BEGIN INFORMATION SUPPLIED

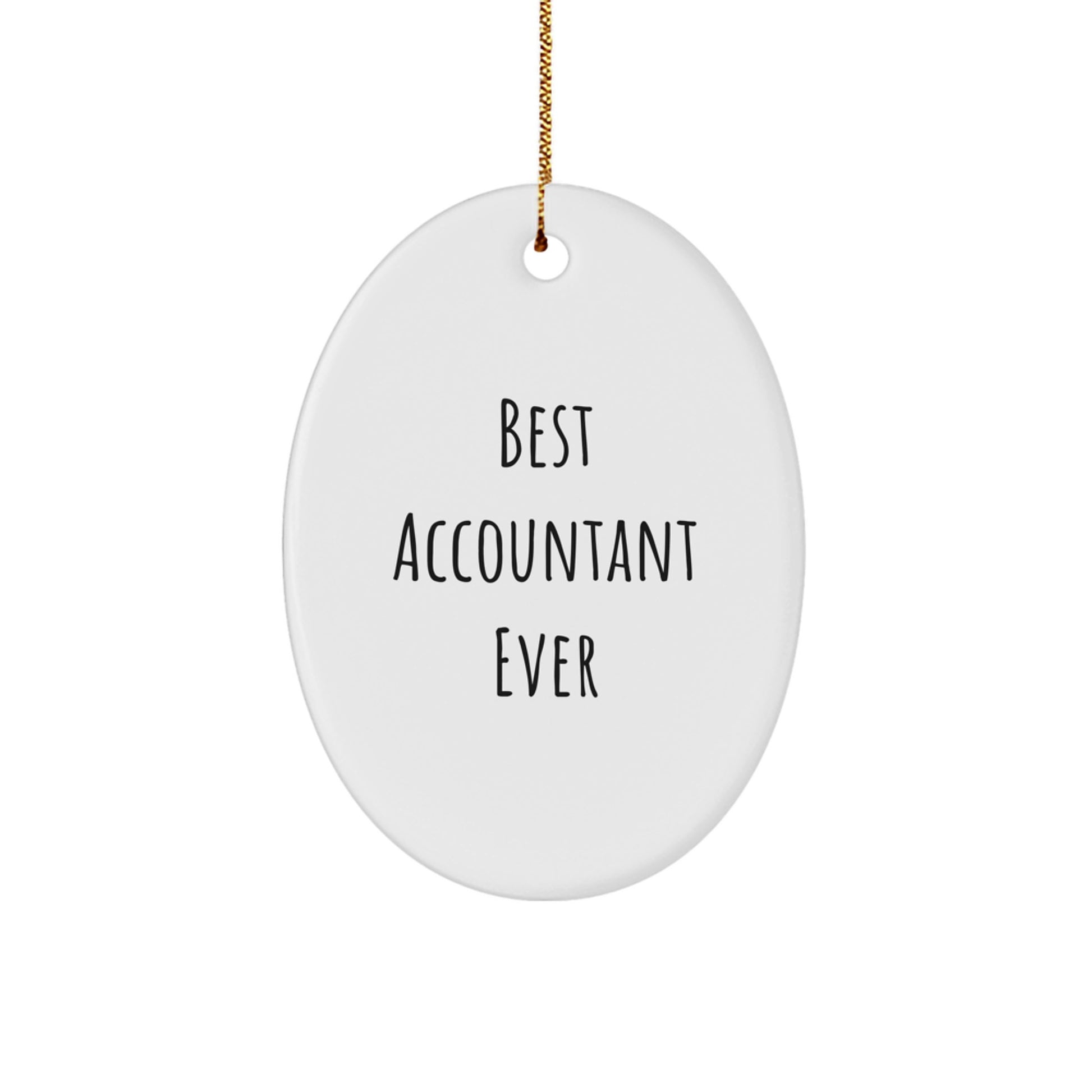 Funny Best Accountant Ever Oval Ornament Gifts from Friends for Christmas - Image 1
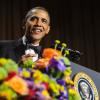 Le président Barack Obama au dîner des correspondants de la Maison blanche, samedi 27 avril à Washington.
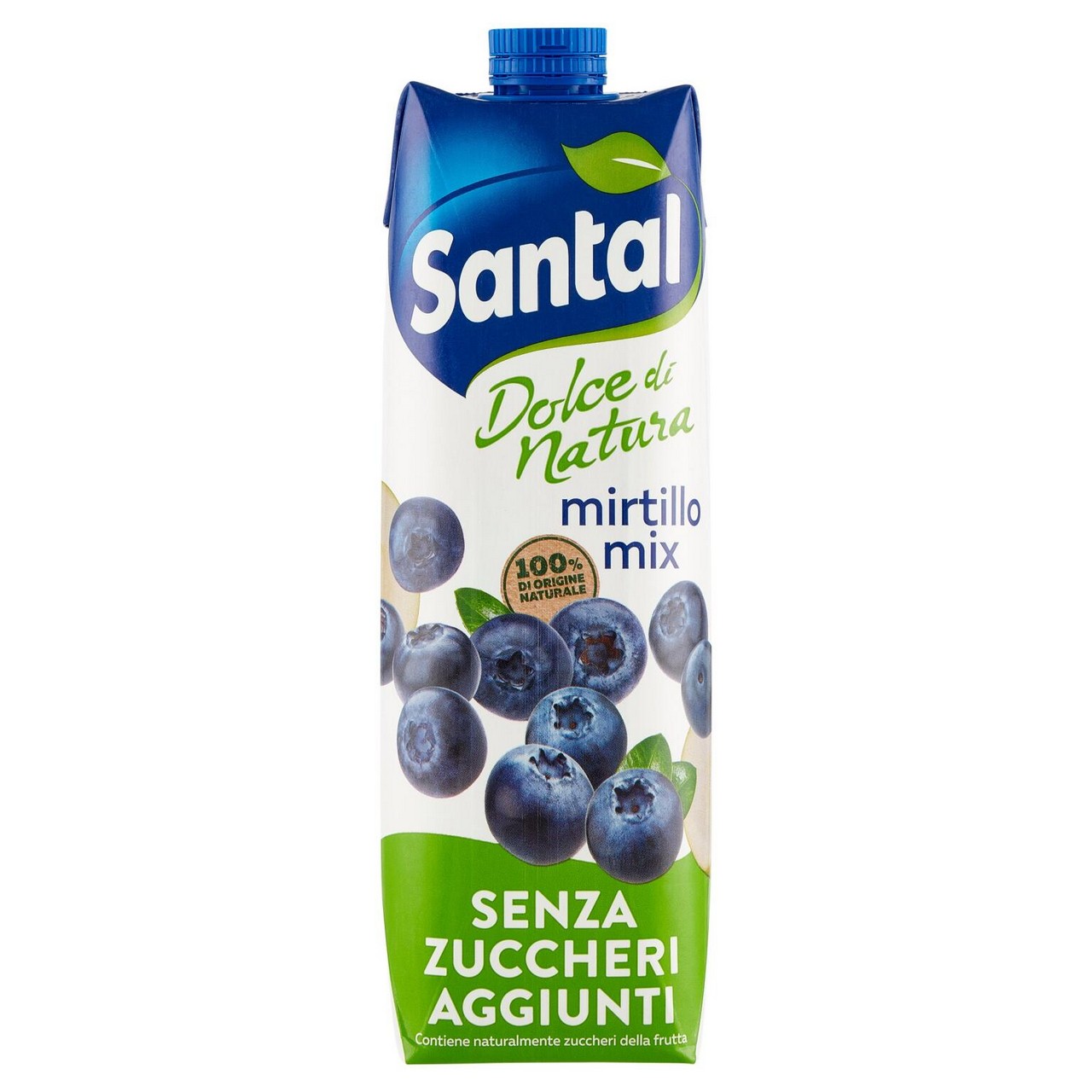 &NBSP SANTAL DOLCE DI NATURA SUCCHI DI FRUTTA SENZA ZUCCHERI AGGIUNTI GUSTO MIRTILLO 1LT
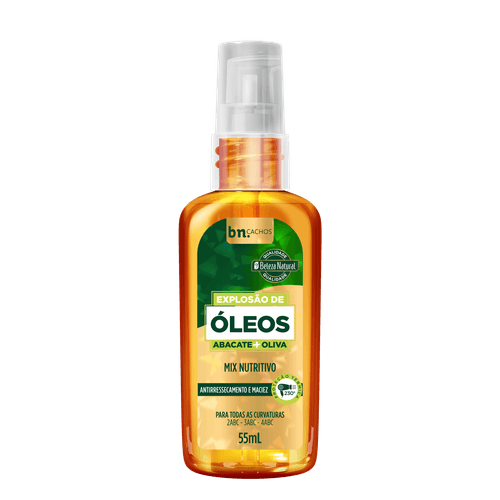 Óleo Capilar Explosão de Óleos Abacate + Oliva 55ml | bn.Cachos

END INFORMATION SUPPLIED

» **INSTRUCTIONS TO FOLLOW**: Take the line with "Le président Barack" and each line after it through the end of the material above, and reproduce them exactly, both ends included, without pictures.

» **SOLUTION BELOW**:
 Le président Barack Obama au dîner des correspondants de la Maison blanche, samedi 27 avril à Washington.
 &NBSP SANTAL DOLCE DI NATURA SUCCHI DI FRUTTA SENZA ZUCCHERI AGGIUNTI GUSTO MIRTILLO 1LT
 Óleo Capilar Explosão de Óleos Abacate + Oliva 55ml | bn.Cachos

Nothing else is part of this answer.